- Location
- Edmonton · Calgary
- Workplace
- Onsite
- Type
- Full-time
- Department
- AltaML
- Source
- Lever
Description
About the Role:
As our next Information Security Operations Specialist, you own the daily operational information security activities at AltaML, moving beyond basic checklist execution to deliver measurable security resilience. You will safeguard our corporate and production infrastructure, optimize automated defense networks, and proactively counter sophisticated software supply chain and AI-specific threats.
Required Results
-
SOC2 Continuity & Program Expansion
Maintain the existing SOC2 program with 100% continuous compliance across all controls. Partnering closely with the IT team for execution and infrastructure support, you will successfully plan and implement foundational controls required for future security programs (e.g., ISO27001) as the enterprise scales.
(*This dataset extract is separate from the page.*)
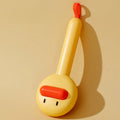 Small yellow duck-shaped pet comb for cat and dog grooming with needle teeth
KPI: Zero major non-conformances during external audits; 100% of compliance evidence is accurate and collected on time. -
AI-Powered Red Teaming
Plan, configure, and operate our automated AI-powered red team program to independently uncover vulnerabilities before they can be exploited.
KPI: Successfully execute scheduled automated adversarial simulations, delivering clear technical risk documentation and measurable remediation roadmaps. -
Intelligent Threat Monitoring (SIEM)
Manage, calibrate, and continuously improve our AI-supported SIEM platform to optimize visibility and protection across environments.
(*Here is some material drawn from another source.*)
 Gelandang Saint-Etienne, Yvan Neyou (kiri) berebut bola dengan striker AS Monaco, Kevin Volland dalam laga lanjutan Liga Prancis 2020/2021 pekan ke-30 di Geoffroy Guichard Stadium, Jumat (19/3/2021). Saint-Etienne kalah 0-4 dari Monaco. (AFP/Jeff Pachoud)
KPI: Minimize Mean Time to Detect (MTTD) and Mean Time to Respond (MTTR) while reducing false-positive alerts by 20% annually through rule tuning. -
Supply Chain & Vulnerability Resilience
Proactively monitor, triage, and mitigate CVEs, third-party software vulnerabilities, and potential software supply chain attacks.
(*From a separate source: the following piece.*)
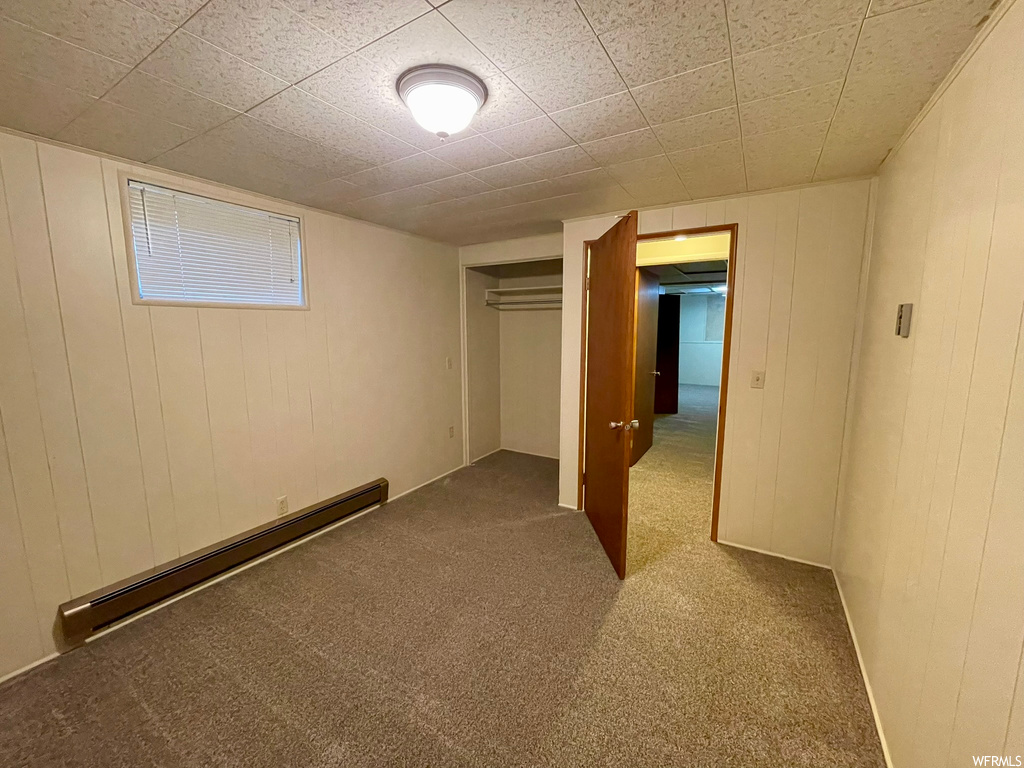 Basement with baseboard heating and light carpet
KPI: 100% of critical zero-day vulnerabilities are assessed and mapped to definitive threat response plans within established SLA windows. -
Cross-Functional Engineering Security Coordination
Coordinate security activities and facilitate the seamless integration of detective and protective controls directly within the engineering lifecycle and IT architecture solutions.
KPI: 90% of development pipeline security review findings are collaboratively triaged and resolved without delaying production deployment. -
Agentic AI Secure Enablement
Establish and execute a comprehensive security evaluation and governance framework for third-party, off-the-shelf Agentic AI platforms (e.g., Claude Desktop) connecting to AltaML’s systems.
KPI: 100% of target enterprise AI tools are evaluated against strict data privacy boundaries, session guardrails, and identity controls before access is authorized.